3 Reasons Berkshire Hathaway Inc. Will Hold a Big Chunk of AT&T Inc.
The announcement of AT&T's acquisition of DIRECTV last Sunday could have far-reaching consequences for the communications industry as a whole. For Berkshire Hathaway however, the deal means a big pay day.
Berkshire's Todd Combs and Ted Weschler have a combined 34.5 million shares of DIRECTV worth 2.8 billion. If the merger is approved, AT&T will purchase DIRECTV for $95 per share -- $28.50 per share in cash and the rest in stock. This would equate to a Berkshire pay-off of roughly $1 billion in cash and 64 million AT&T shares with a current market value of $2.3 billion.

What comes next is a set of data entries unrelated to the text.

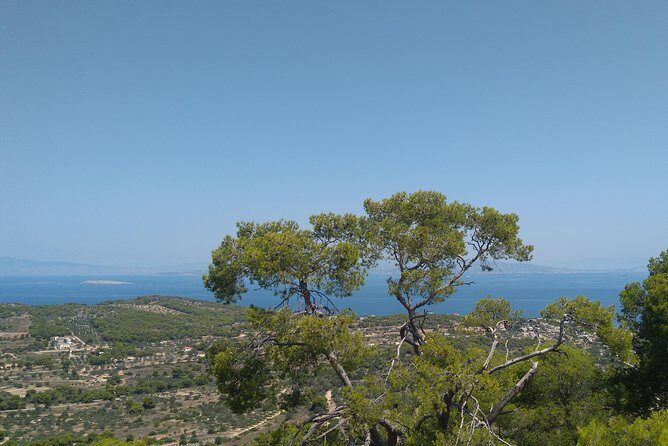 Aegina Island St Nektarios & Temple of Athina Aphaia Private Tour - Final Thoughts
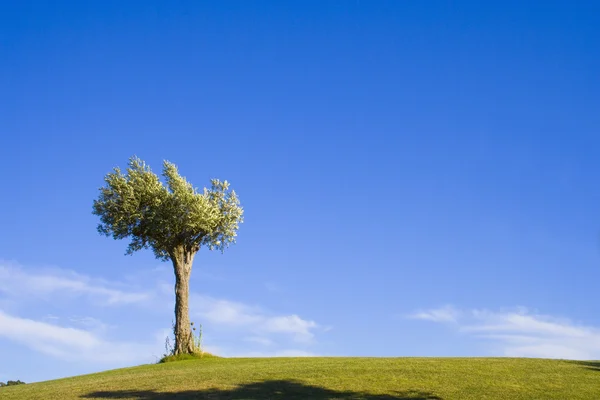 Одинокие деревья 17 — стоковое фото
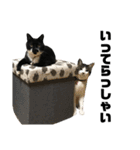 おこいも（個別スタンプ：14）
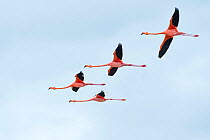 American flamingo (Phoenicopterus ruber) group of four in flight, Punta Cormorant, Floreana Island, Galapagos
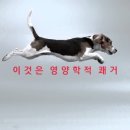 강남펫스타일 이미지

While Combs and Weschler have publicly supported the deal, it's unclear if they would hold AT&T long-term if the merger gets approved. However, I believe there are three reasons AT&T will be a mainstay in Berkshire Hathaway's portfolio.
1. Growth opportunities
The combination of the two companies will allow for unique and innovative bundling of services.

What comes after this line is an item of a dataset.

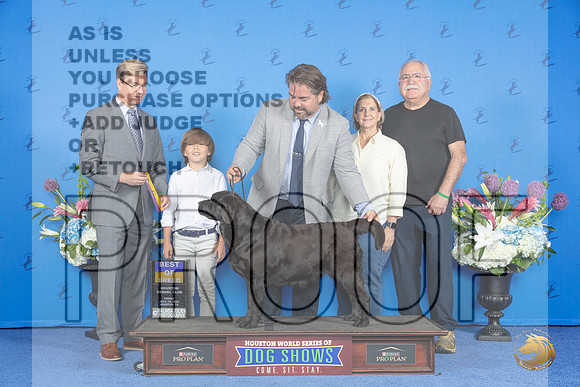 Labrador Retriever #36 FRI BOB Judge Douglas Johnson__JP_8874_Houston_2024_HR3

This should make AT&T more compelling to consumers and more competitive with cable companies. This should also open up incredible cross-selling opportunities. As AT&T's CEO Randall Stephenson suggested in the company's conference call last Monday, AT&T has a low penetration of DIRECTV's customer base.
Moreover, DIRECTV is "Latin America's leading pay TV provider" with more than 18 million customers. AT&T suggested this market has "untapped penetration" and creates significant growth opportunities.
2. Strong financial position
Growth opportunities are just that, "opportunities" -- as long as the companies have the financial capabilities to seize them. AT&T is planning to acquire DIRECTV for $48.5 billion. 30% of which, roughly $14.5 billion, will be in cash.
As AT&T noted in the conference call, this merger will not infringe on the company's ability to be active in next year's spectrum auction (in which AT&T will bid on the rights to transmit signals over valuable wireless airwaves). In fact, AT&T suggested it plans to spend at least $9 billion at the auction.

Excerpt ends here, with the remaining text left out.